86. Proof of the first point [n.85]: the higher part broadly taken (as said before according to Augustine [n.73]) has regard to that which is regarded in its order to the eternal, and this both in the reason, as that from which reason takes its principle of knowing, and in the will, as that for which as ultimate end the will wills it. But the will naturally wills nothing first and for itself save the ultimate end, and so it wills everything else not first and in order to what is first;     therefore etc     . [sc. the will as it is a nature is the will of the higher part]. The minor is plain from the rightness of natural inclination, which would not be right if it were inclined most and ultimately to a lesser and non-ultimate good. But if someone were to say that the will as it is a nature is only inclined to its own proper good first, he would be in disagreement with what has been said in this argument. But let the contrary be supposed here, from the question dealt with elsewhere [Reportatio IV A d.49 q.8-9 nn.4-5, 18].

87. Proof of the second point [n.85]: the intellect insofar as it understands something because the sense (with which it is conjoined) senses it, is the lower part alone; therefore the same holds of the appetites. The antecedent is plain because, insofar as the intellect does thus know, it knows nothing through eternal rules, for it would know in the same way if it could not judge according to those rules.

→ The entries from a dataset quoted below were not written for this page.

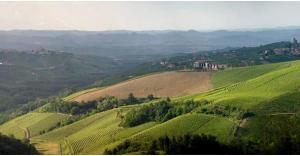Il Boscareto Resort & Spa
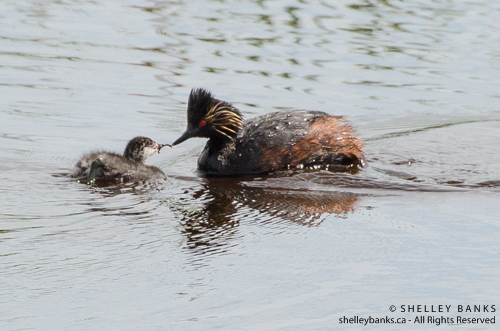 © Shelley Banks; all rights reserved.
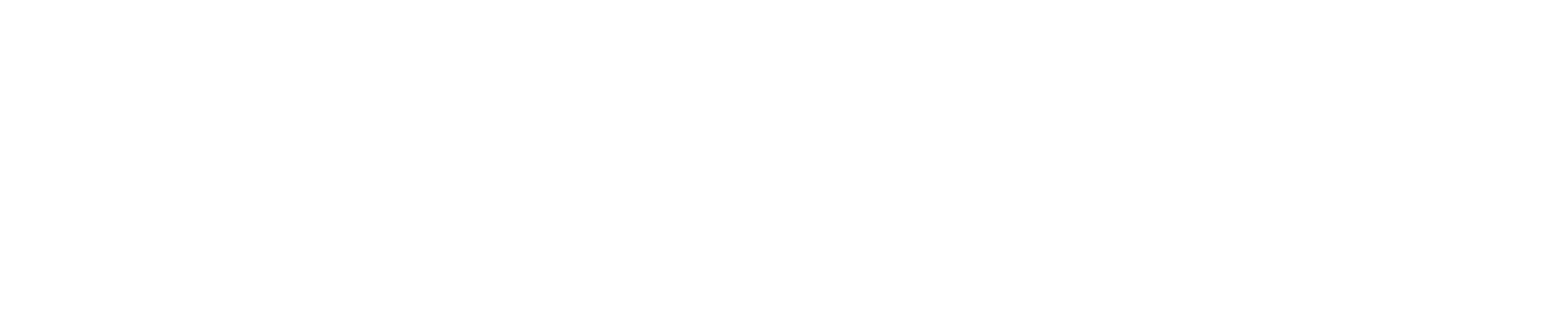 WhitBots Logo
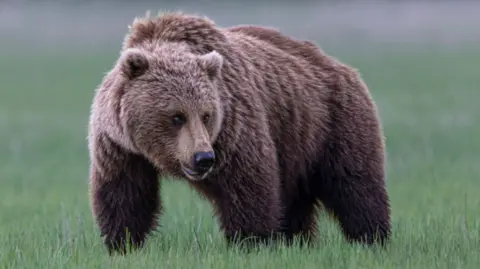 Furious Grizzly Bear Attacks School Group in Canada, Leaving 11 Injured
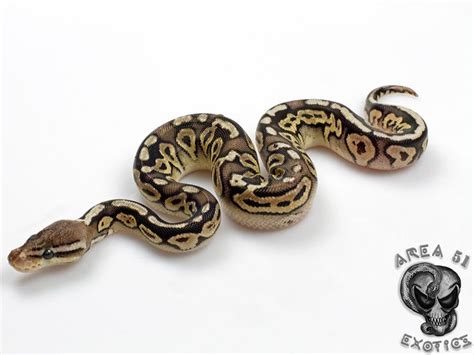 Toradh íomhá ar Axanthic Pewter Ball Python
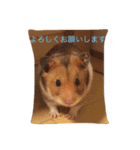 ハムスターマロンの日常（個別スタンプ：10）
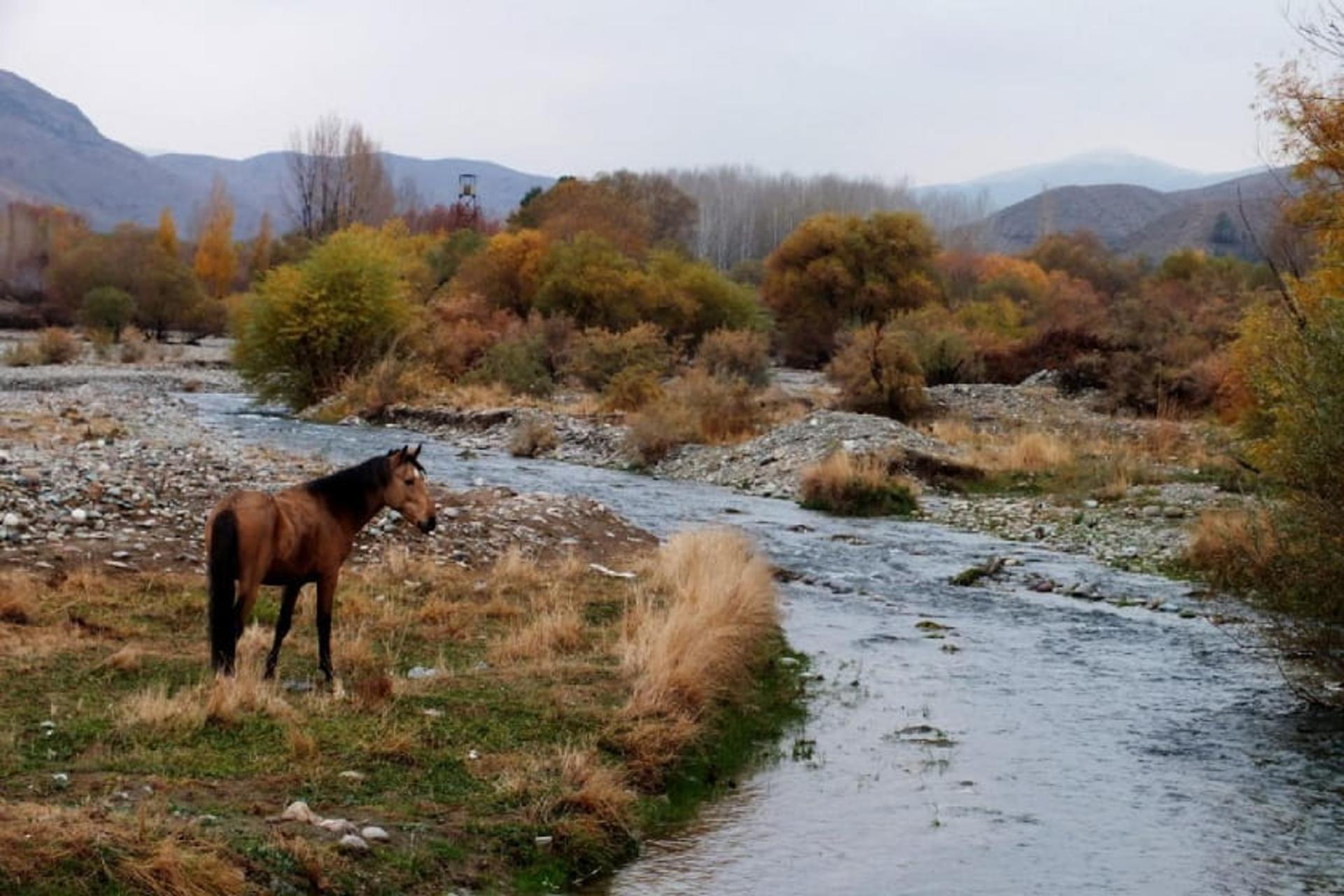 پارک های ملی ایران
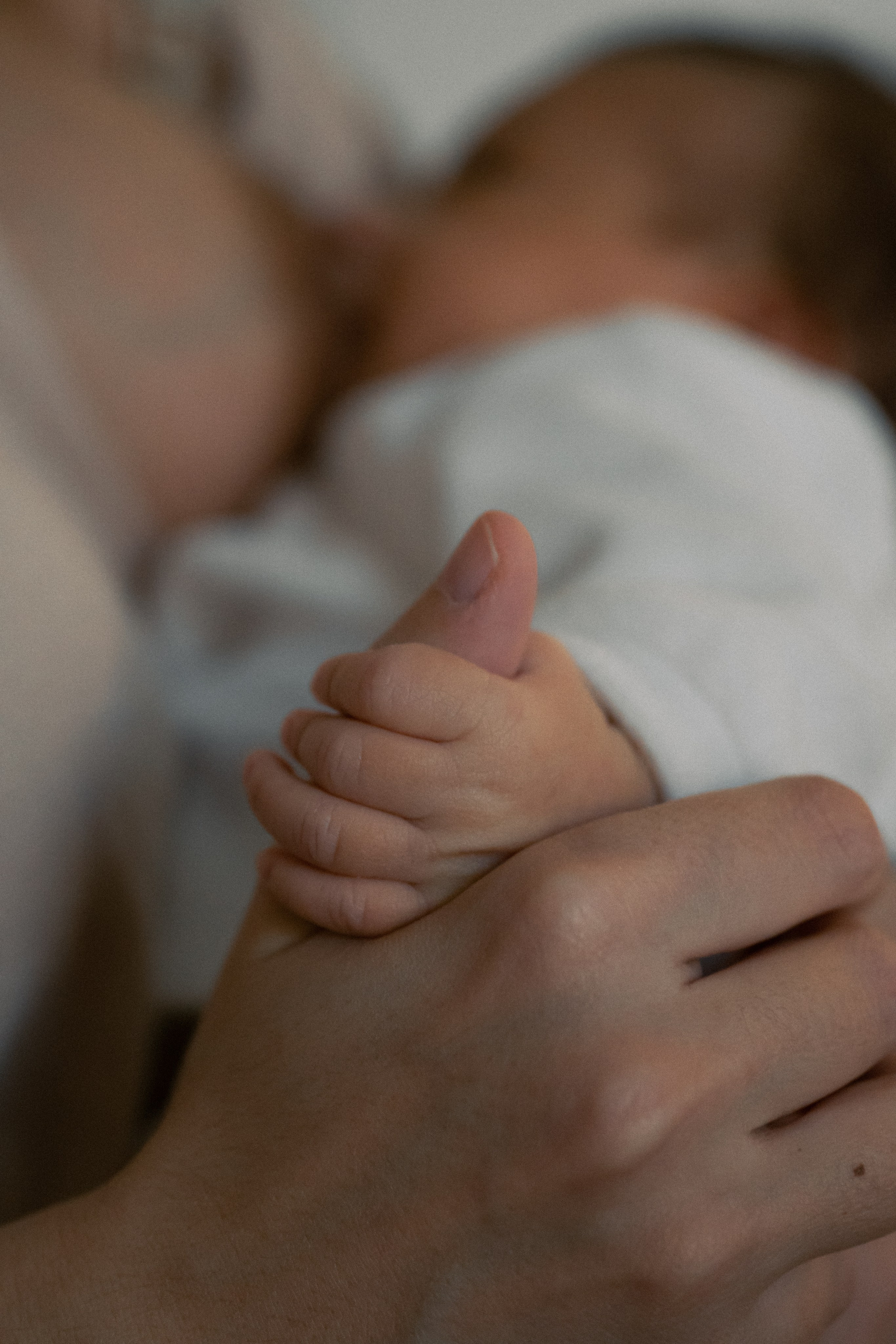 Family and Children Portraits. Alyona Nikolaeva — fotografo a Lecce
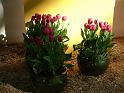 Tulips potted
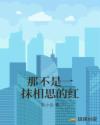 三角木马小说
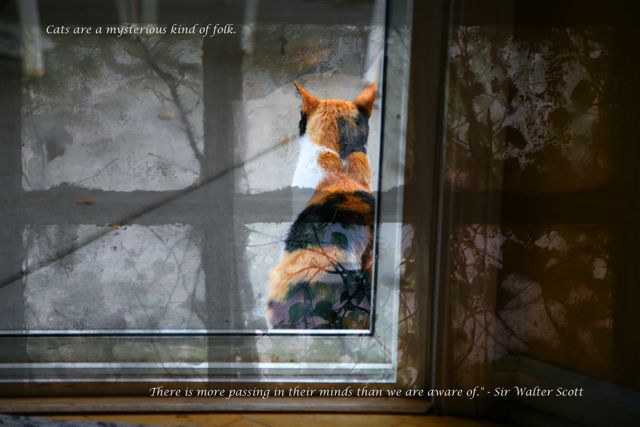 The Cat-9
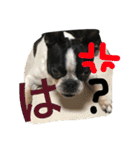 Tetsu's stamp of a Boston terrier（個別スタンプ：6）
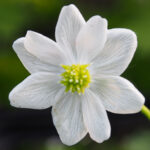 Anemone nemerosa Grönknapp 1 Anemone nemerosa Grönknapp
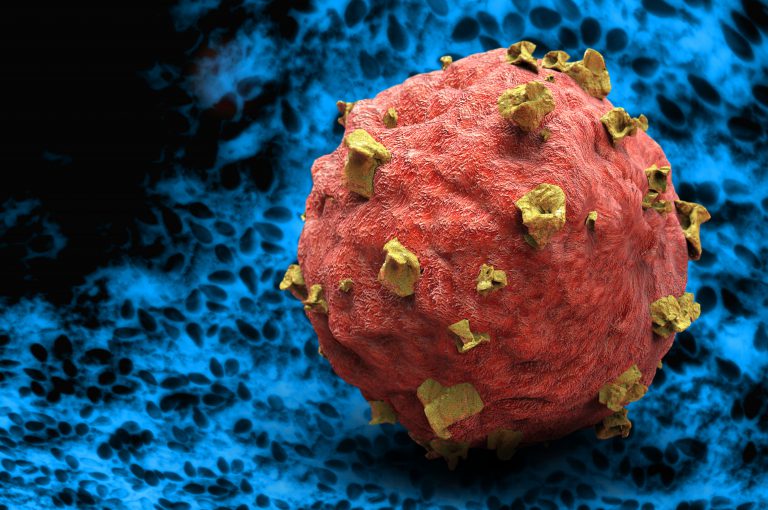 Broccoli: la loro azione può mettere KO il cancro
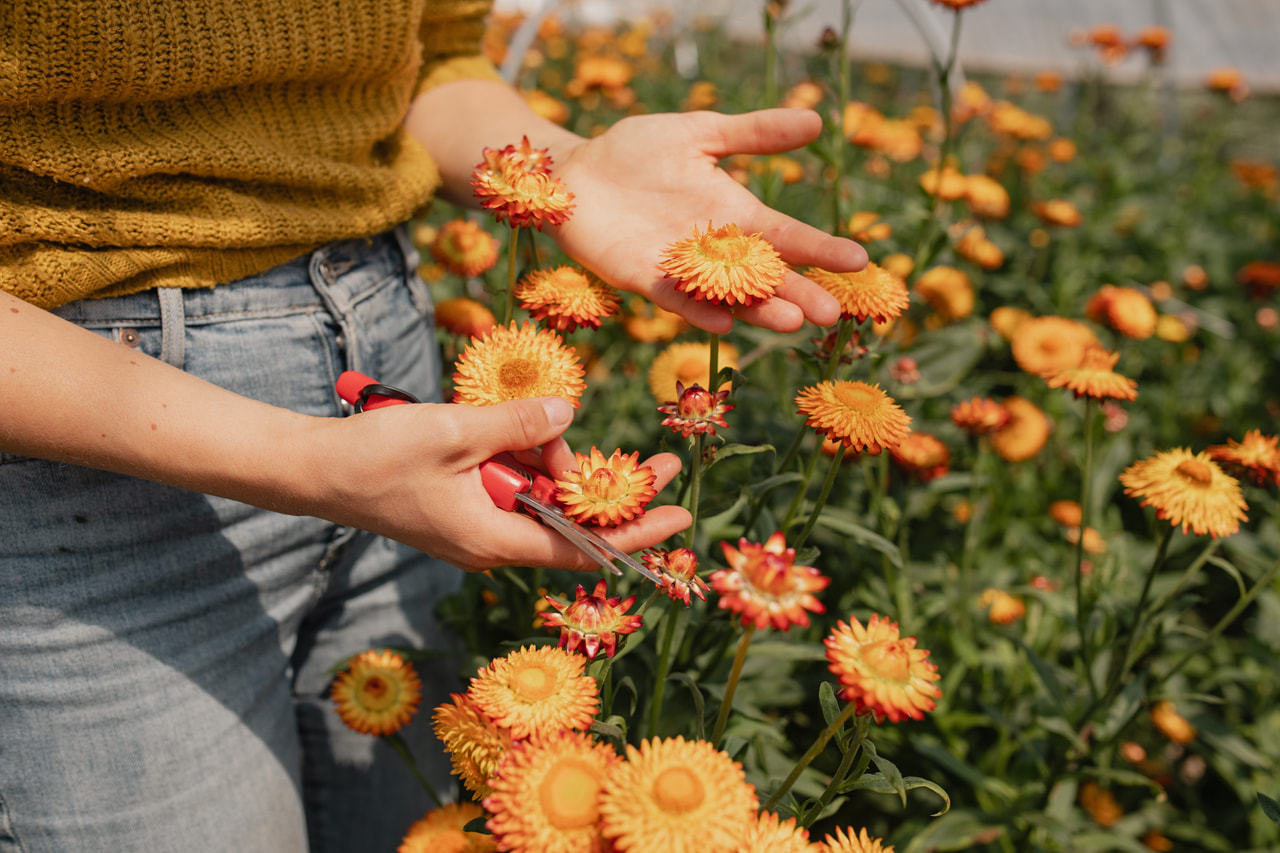 Olkikukka Orange, Loukykvět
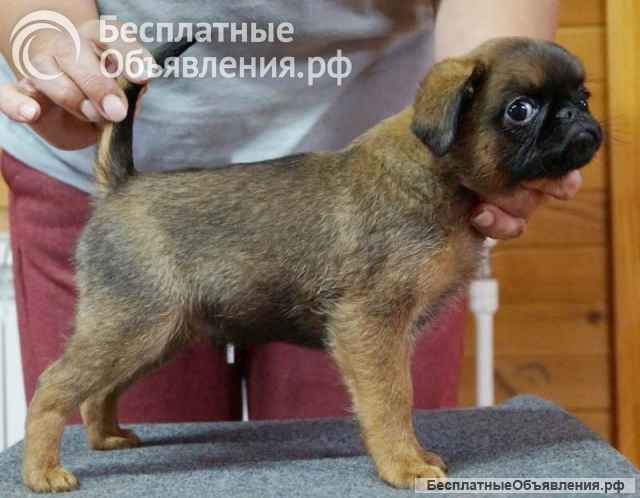 Щенки брабансон и Бельгийский гриффон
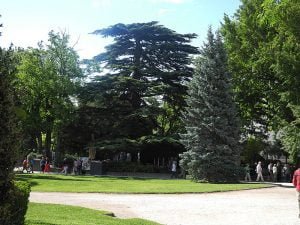 Rhone-Avignon Park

88. Against these arguments: the second argument [n.87] seems to be in conflict with the first [n.86], for the will suffers along with sense appetite as the will is a nature, because it does not do so as it is free, for the sudden suffering it has because of the natural connection of the higher appetite with the lower is not in its power; therefore the will as it is a nature does not concur precisely with the higher part and does concur, as suffering along with the sense appetite, precisely with the lower part.

89. Response: will as nature is taken in two ways.

In one way as it tends naturally to objects proper to this power as it is this power, all other things being excluded and this power being understood only as it is perfectible by certain objects and these its own objects. It is in this way that the first argument [n.86] is being understood, because the will is in that way inclined to its objects (ordered according to the natural order of the objects) insofar as the objects are in some way perfective of it.

90. Will as it is a nature is spoken of in another way when any order of it to anything consequent to the will’s nature is understood - this properly not as it is free but only as it is intellective appetite, or as it possesses the love of advantage and not of justice. And thus taken it has an order toward feeling along with the lower appetite not only in the order that the desired object has to the first object of the will as it is a will, but, setting aside this order, as the will thus feels along with the lower appetite about anything, and is as disposed toward this anything as if it could not be referred to what is eternal. But not like this is the natural inclination of the will (as the will is a power) that is precisely ordered to its own proper objects, because this inclination is not to any object at all save insofar as it is a further inclination to the eternal (just as matter is not inclined to a preceding disposition save as further inclined to perfect form).

91. Briefly, then, the will as nature in the first way is the will as only naturally inclined to its own proper objects; in the second way it is the will inclined to the objects of the other appetite with which it is conjoined by means of that inclination. In the first way it is the higher part only; in the second the lower part only. Thus in general, the will as nature can be taken as it includes both, and thus does it belong to both parts.

92. About the other two sadnesses, which follow absolute actual volition or conditional (or habitual) volition [nn.58-59], it seems that since both parts are able in both ways not to want anything that happens, both will be able to be saddened in both ways.

93. Of the four ways, then, of being saddened set down in the first article, two are common to both parts and two are proper to the two, such that both parts can be saddened by an object that is in a triple way unwanted.